> **DATA SEGMENT**:
# # # # #
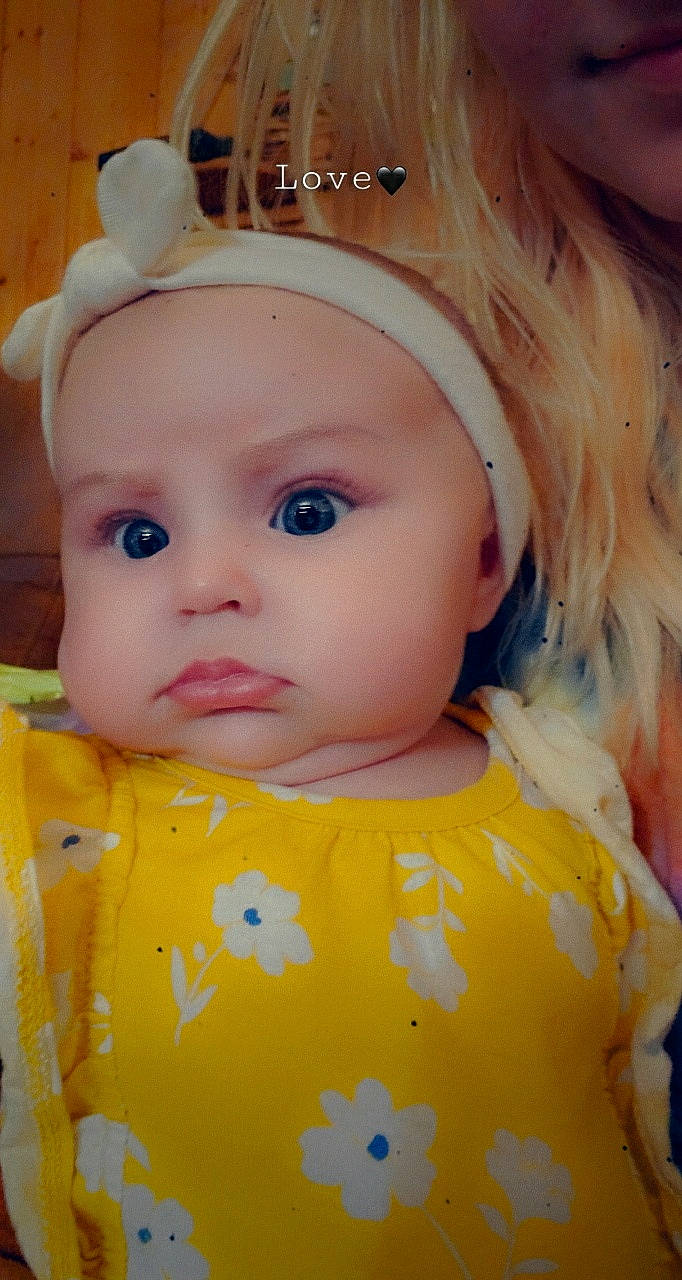 Natalei is registered to the contest to win money with this photo: baby, blond, cheek, child, doll, ear, eye, eyelash, face, forehead, hair_accessory, head, headwear, iris, lip, mouth, nose, person, skin, toddler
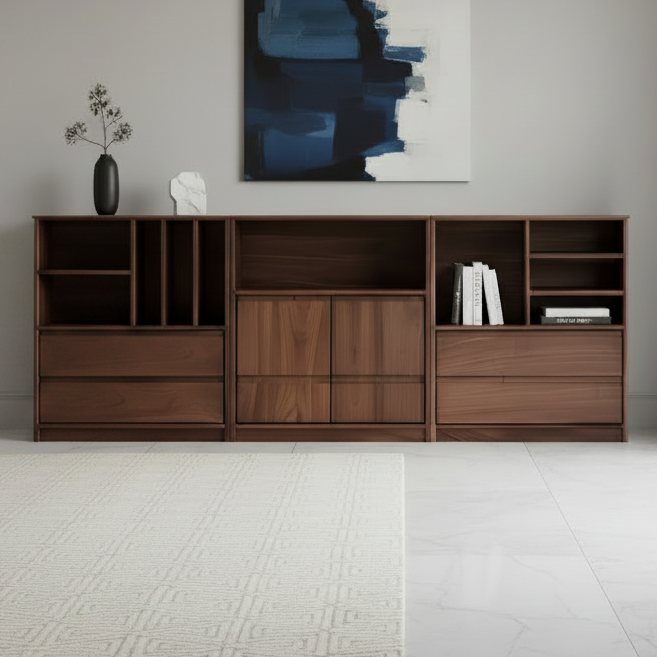 A modern wooden sideboard or console cabinet in a warm medium brown finish, styled in a minimalist living room setting with a beige sofa, a table lamp, a small potted plant, and a blue-gray abstract painting on the wall.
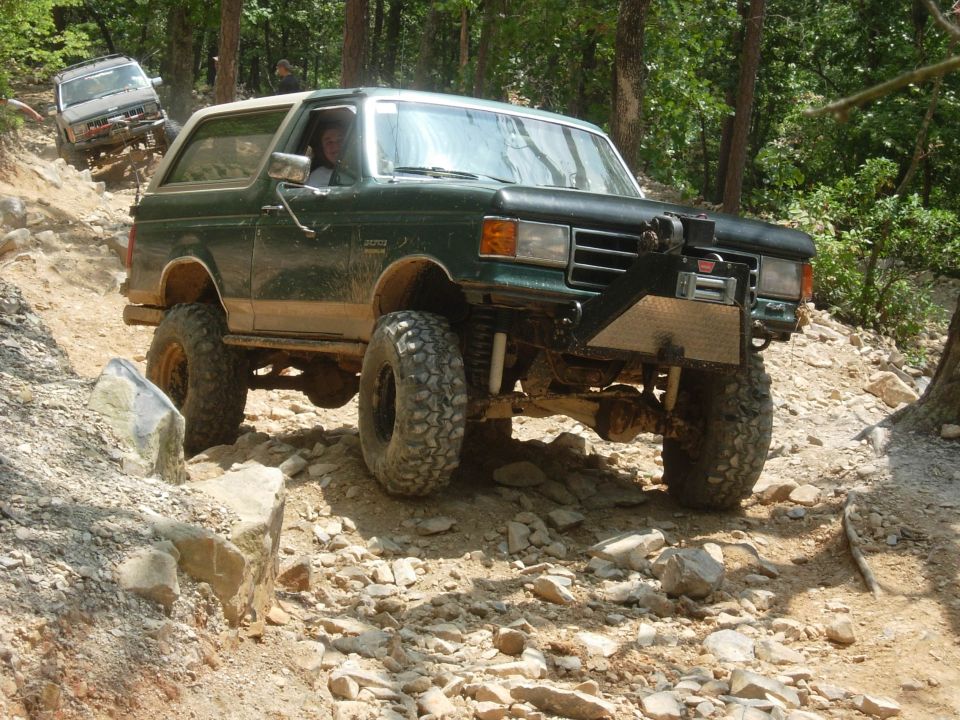 Green Ford Bronco on a rocky trail, another SUV behind it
# # # # #
> **ASSIGNMENT**:
Beginning with the line that holds "A modern wooden", output each line to the end of the material above, exactly, omitting the pictures.

> **REPLY**:
 A modern wooden sideboard or console cabinet in a warm medium brown finish, styled in a minimalist living room setting with a beige sofa, a table lamp, a small potted plant, and a blue-gray abstract painting on the wall.
 Green Ford Bronco on a rocky trail, another SUV behind it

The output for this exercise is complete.